■ Work to be completed ■
What you return must match the listing below line for line, minus its pictures.

■ Data ■
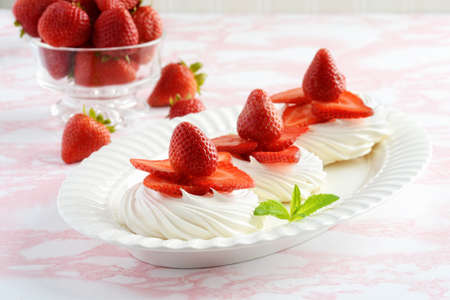 platter of strawberry meringue nests with mintの写真素材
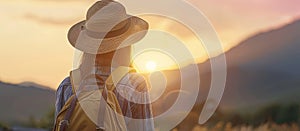 Young woman in straw hat with backpack, admiring sunset over mountains, rear view, travel concept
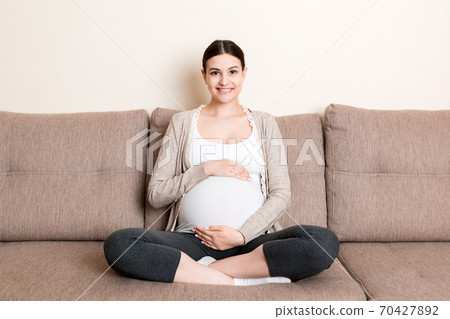 photo of cute caucasian future mom lying in light living room on sofa and holding hands on tummy photo of cute caucasian future mom lying in light living room on sofa and holding hands on tummy 70427892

■ Answer to this problem ■
 platter of strawberry meringue nests with mintの写真素材
 Young woman in straw hat with backpack, admiring sunset over mountains, rear view, travel concept
 photo of cute caucasian future mom lying in light living room on sofa and holding hands on tummy photo of cute caucasian future mom lying in light living room on sofa and holding hands on tummy 70427892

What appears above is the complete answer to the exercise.